The book works as a biography
for the Oxford English Dictionary (OED), running from the pre-concept
world of rampantly uneven dictionaries, straight through to the
1990s. The main focus of The Meaning of Everything is on
the OED's formative years, especially under the leadership of James
Murray, my adoptive great uncle. The history of the OED is interesting
and storied, but largely free of shockers, and this is where I start
to find myself questioning the author.
I have several problems
with the book as a whole, mostly with Simon Winchester's style of
writing. He is, to use his own favourite word (at least by count),
grandiloquent. While his prose is clean, and his transitions smooth,
he tends to overblow even the most simple facts, striving to lend
events an inorganic drama. Sometimes the book reads like that friend
who tells animated anecdotes that no one else seems to find as dramatic
and/or funny. I kept wanting to shake him and say, "Just let
the freaking story tell itself! Let interesting be interesting!"

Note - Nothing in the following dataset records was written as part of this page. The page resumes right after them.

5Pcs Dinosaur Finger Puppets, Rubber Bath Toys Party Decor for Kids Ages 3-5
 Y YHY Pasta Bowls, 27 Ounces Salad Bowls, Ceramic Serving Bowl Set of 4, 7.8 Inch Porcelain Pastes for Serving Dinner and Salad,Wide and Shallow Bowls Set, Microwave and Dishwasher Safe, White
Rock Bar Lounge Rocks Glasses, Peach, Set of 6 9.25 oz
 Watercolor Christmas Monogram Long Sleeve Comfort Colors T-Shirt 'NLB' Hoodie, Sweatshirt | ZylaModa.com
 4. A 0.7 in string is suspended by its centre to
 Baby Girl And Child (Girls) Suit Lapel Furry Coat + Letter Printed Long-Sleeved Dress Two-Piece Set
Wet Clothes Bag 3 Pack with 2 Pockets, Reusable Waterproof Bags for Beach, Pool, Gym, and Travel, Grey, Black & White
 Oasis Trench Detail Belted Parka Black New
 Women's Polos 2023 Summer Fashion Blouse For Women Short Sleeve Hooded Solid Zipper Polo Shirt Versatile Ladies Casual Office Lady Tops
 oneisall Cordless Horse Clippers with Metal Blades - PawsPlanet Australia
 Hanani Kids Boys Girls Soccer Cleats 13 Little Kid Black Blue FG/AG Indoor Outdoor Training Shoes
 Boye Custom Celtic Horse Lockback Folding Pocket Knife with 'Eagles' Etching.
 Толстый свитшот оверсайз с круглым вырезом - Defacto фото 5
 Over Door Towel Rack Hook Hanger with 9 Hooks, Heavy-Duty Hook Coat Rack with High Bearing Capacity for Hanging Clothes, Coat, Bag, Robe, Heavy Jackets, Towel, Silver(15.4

It strikes me that Winchester
thinks he's writing for a much more general audience than he is.
I mean, COME ON, it's about the freaking history of the OED! Who's
gonna read it? Me, you, a handful of ninja readers, maybe Bert Archer
and Harold Bloom. It's no potboiler, that's for sure. It is interesting
and packed with useful historical and philological tidbits (like
how linguist J.R.R. Tolkien spent some time in 1919 assisting the
editors on words beginning with "w," only later to have
his own neologism "Hobbit" added), but often these are
drowned in relatively useless attempts to turn the story into
Coronation Street.
I'll get to what I liked
about the book later, but for now, this has been itching to come
out. What did you think of this, Pete?
PETER: I'd been
dying to read The Meaning of Everything for some time, but
I had to wait, as there's always a book embargo around my place
before Christmas. Very cruel and unjust, but it does mean I don't
have to pay for the books in the end, so I can't complain too much.
What I find interesting
is that the popularity of The Meaning of Everything isn't
an isolated incident. Winchester's The Professor and the Madman,
a story of OED head James Murray and William Minor, a major contributor
to the project who also happened to be locked up in an asylum for
murder, also did quite well. But both books appeared in this sudden
frenzy for books on language and arcane knowledge, such as Lynne
Truss's Eats, Shoots and Leaves. And there have been all sorts of
articles about fonts and the like appearing online. I don't know
what the hell is causing this, but I say vive le revolution!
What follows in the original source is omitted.